RECENT ACTIONS IN THE ASSET ALLOCATION STRATEGY
We are overweight equities vs. bonds via US and EM equities. We keep a short duration, and expect the 1.15-1.25 range on the EURUSD to hold
CROSS ASSET VIEWS AND PORTFOLIO POSITIONING
- We have gained more conviction and we maintain our equity exposure to overweight as we expect the underlying favourable background to prevail
- US growth re-accelerates and global growth momentum outside the US is expected to continue.
- We are overweight on US equities. The improving earnings growth and the positive impact of Donald Trump’s tax reform and deregulation are a support for the asset class. In addition, valuations are no longer too expensive. “America first” policy is likely to impact other countries negatively.
- We are neutral on the euro zone. The region still displays a robust economic expansion but uncertainties have risen recently (new Italian government, potential trade conflict with the US, weaker activity indicators). By ending its QE at the end of the year, the ECB remains accommodative and is in no hurry to hike rates. We prefer small and mid-caps to large ones.
- We are underweight Europe ex-EMU equities.

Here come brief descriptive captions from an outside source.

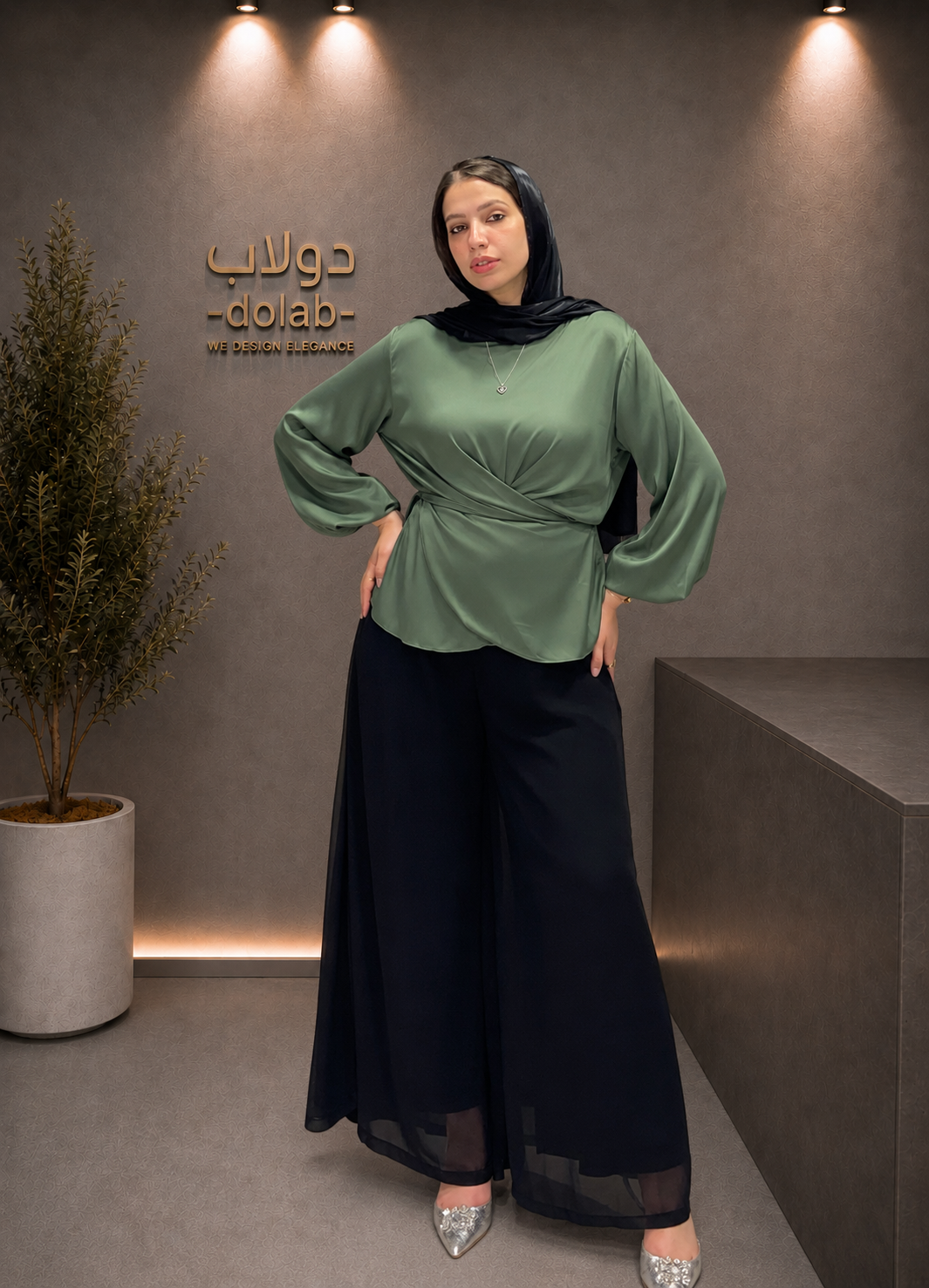 Elegant Chiffon Pants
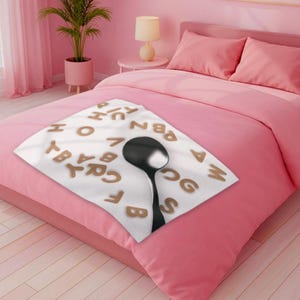 Melanie Martinez Fleece Blanket, Cereal Bowl Blanket, The Bakery Inspired Merch, K-12 Merch, Melanie Fan Art, 30&quot;x40&quot;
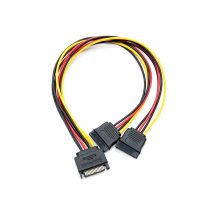 Nanocable Cable Alimentación SATA Duplicador Conector 2 SATA Hembra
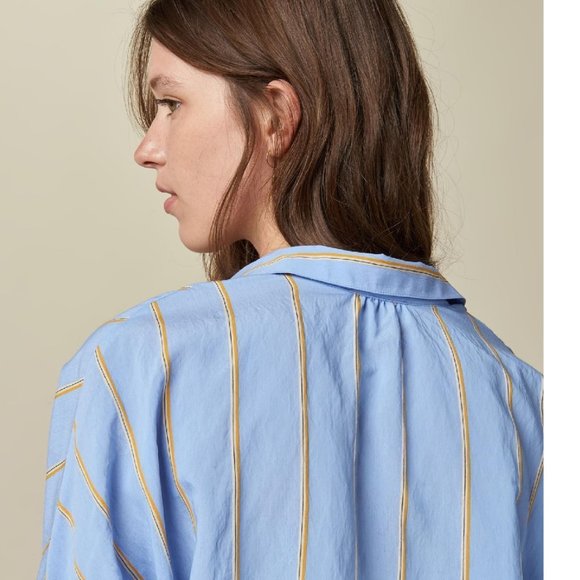 🎁 Sessun Sunsky Striped Botan Shirt - Picture 2 of 8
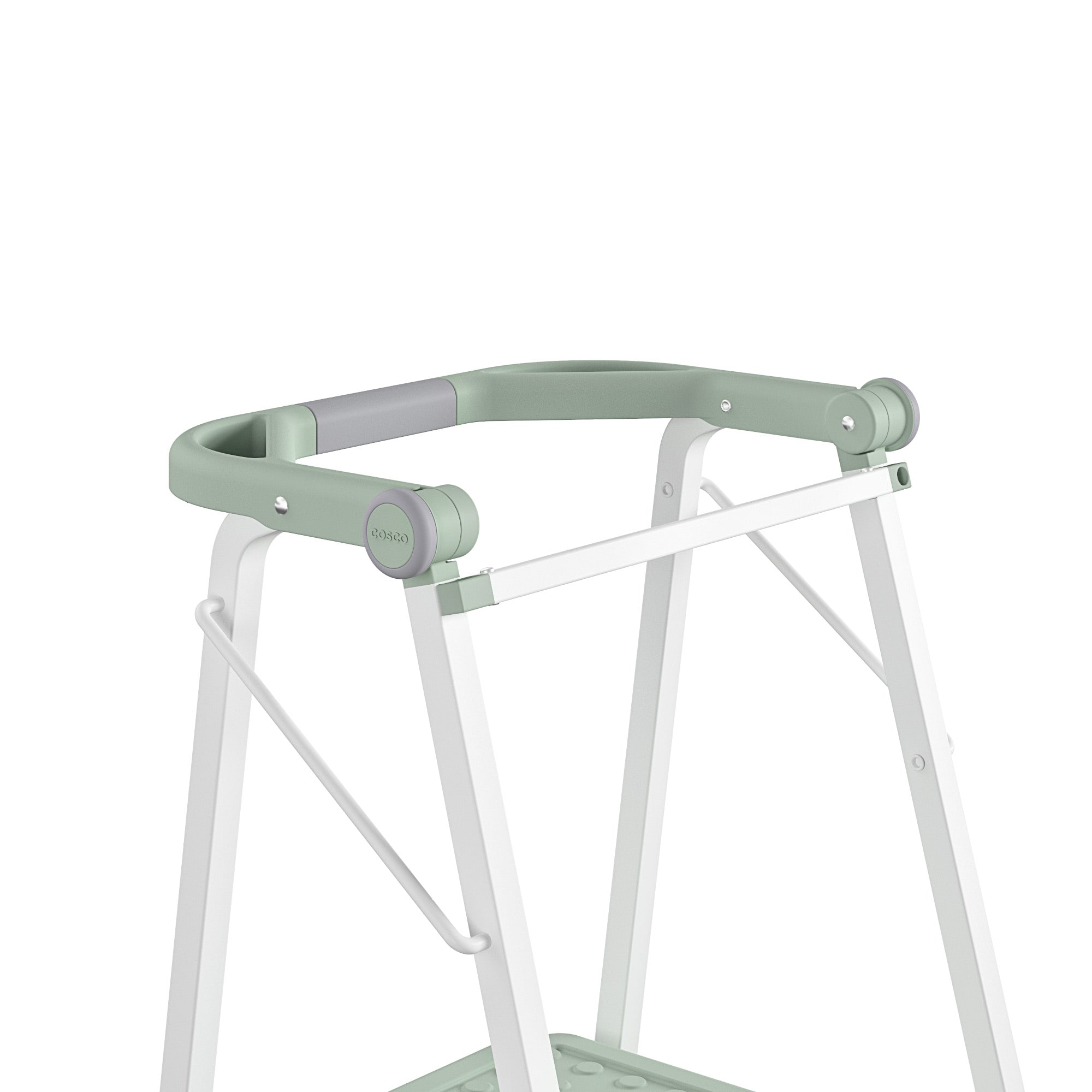 Banquito plegable de acero verde con capacidad de 225 libras de 2 peldaños Cosco 11349GRN1E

The region has a lower expected earnings growth and thus lower expected returns than the continent, justifying our negative stance. “Brexit” negotiations remain a risk, while negotiations on new trade relations are stalling.
- We are underweight Japanese equities. Japanese stocks show a weakening earnings momentum as corporates can no longer rely on the JPY weakness. In addition, the leadership vote of the LDP party by September represents a risk for PM Abe. On the positives, the accommodative policy mix remains good news for Japan.
- We are overweight emerging market equities. Emerging equities benefit from strong global growth and attractive relative valuation. Our preference goes to EM Asia, the cornerstone of the high weighting of the tech sector (28%). We do not foresee a global trade conflict.
- We are underweight bonds and keep a short duration
- We expect a gradual rise in inflation, but no inflation fear.
- Global monetary tightening is progressive. Outside of the US, other developed market central banks are in no hurry to tighten.
- With a tightening Fed and expected upcoming inflation pressures, we expect rates and bond yields to resume their uptrend. In addition to rising producer prices, rising wages, fiscal stimulus and trade tariffs could push inflation higher.
- The overall improvement in the European economy could also lead EMU yields higher over the medium term. The ECB remains dovish in its QE plans and is opposed to a strong euro. Political uncertainties in Italy could delay the ECB tightening, but not derail the end of QE.
- We have a neutral view on credit overall but prefer EU to US in both Investment Grade and High Yield. Spreads have already tightened significantly and a potential increase in bond yields could hurt performance.
- The emerging market debt faces headwinds with a strengthening USD and rising Treasury yields but we believe spreads can tighten from current levels. The carry is among the highest in the fixed income universe. It is an attractive diversification vs other asset classes.